A first PTC temperature controller is connected in series between the blower switch and the PTC request switch. A second PTC temperature controller is connected in series between the blower switch and the PTC request switch, and the first PTC temperature controller and the second PTC temperature controller are connected in series, so that PTC overheat risks caused by damage of a single temperature controller are avoided.

In the above technical scheme, the motor control device further comprises a resistor end of a third relay which is electrically connected with the actuation feedback end of the second high-voltage relay, one end of a switch end of the third relay is electrically connected with the rotating speed start-stop signal input end of the electric compressor, and the other section of the switch end of the third relay is electrically connected with the power supply through a temperature control module, a compressor control switch and a blower switch.
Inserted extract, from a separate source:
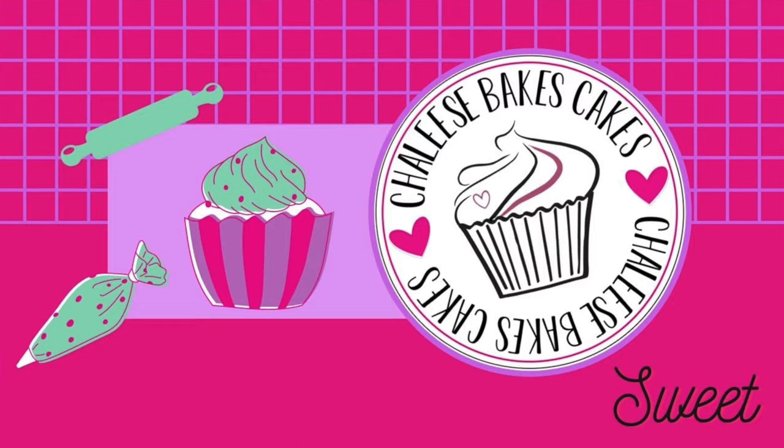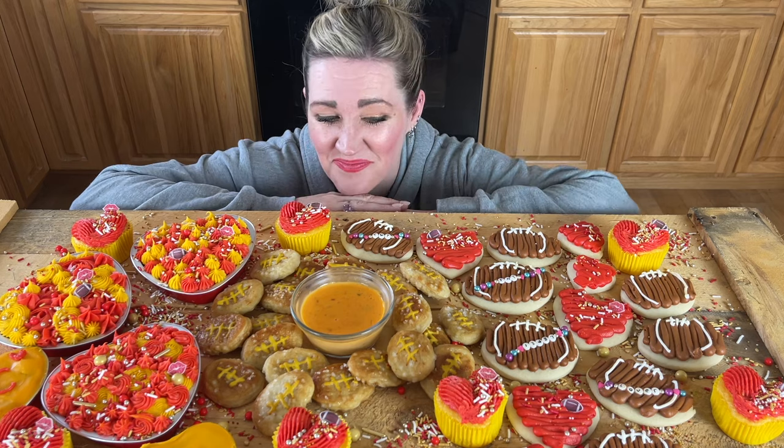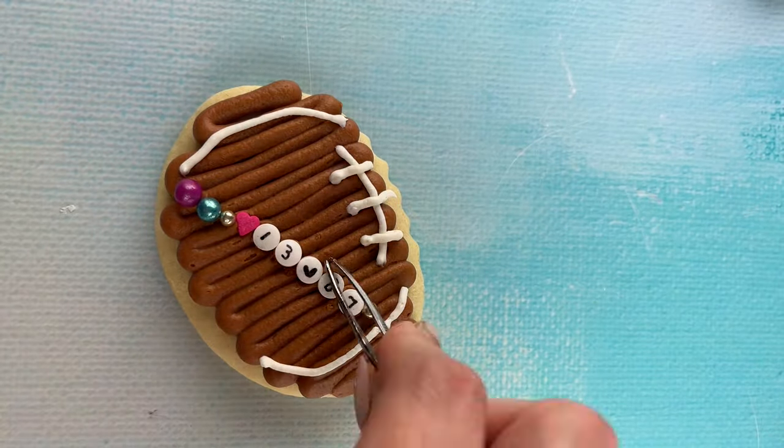Hi cake friends, welcome back to Shalee's Bakes Cakes. I'm so excited to be back baking with you all. To start out, you can see it's going to be Taylor's Version today, and with the Super Bowl coming and Taylor being involved, we are making a Taylor Swift Super Bowl inspired charcuterie board today. I'm going to show you how I put this cute charcuterie board together, and I'll have upcoming videos of all the cute treats and savory stuff we make today, so stay tuned.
A fourth relay is connected in series between the compressor control switch and the AC control signal input end. A pressure switch is connected in series between one end of the switch end of the third relay and the rotating speed start-stop signal input end of the electric compressor. The AC control output end is electrically connected with the resistance end of the second high-voltage relay, and the high-voltage power supply is electrically connected with the high-voltage input end of the electric compressor through the switch end of the second high-voltage relay.

The working flow of the invention is as follows:

After the whole vehicle is electrified at high voltage, if heating and defrosting requirements exist, a PTC request switch is started;

Starting a blower switch, and outputting current from a power source to a PTC control input end through the blower switch, two temperature controllers and a PTC request switch;

If the compressor control switch is in an off state and no signal is input from the AC control input end, the PTC control output end outputs (high-efficiency) voltage, the first high-voltage relay is conducted in a sucking way, the PTC works normally, and otherwise the PTC heating core does not work;

in the PTC working process, the first PTC temperature controller 1 and the second PTC temperature controller 2 are conducted when the detected temperature is lower than the set temperature, the PTC heating core works normally, otherwise, the PTC heating core stops working;

in the PTC working process, one of the two PTC temperature controllers is damaged and is in a conducting state, the other PTC temperature controller is conducted when the detected temperature is lower than the set temperature, the PTC heating core works normally, and otherwise, the PTC heating core stops working.

If the compressor control switch is in a closed state at this time, the output current of the low-voltage power supply is transmitted to the AC control input end through the blower switch and the compressor control switch, and the whole vehicle controller receives an AC control input low-effective signal, the PTC control output end does not output voltage, the first high-voltage relay is in an open state, and the PTC heating core body does not work. The AC control output end outputs an electric signal, and the second high-voltage relay is conducted, so that the high-voltage power supply supplies power to the electric compressor, and the strong ground of the electric compressor is grounded. The actuation feedback end of the second high-voltage relay outputs an electric signal to the third relay, and the third relay is conducted, so that the temperature control module is electrically connected with the input of the rotating speed start-stop signal of the electric compressor. The low-voltage power supply is electrically connected with the electric compressor through the blower switch, the compressor control switch, the temperature control module, the pressure switch and the electric compressor, and the weak ground of the electric compressor is grounded.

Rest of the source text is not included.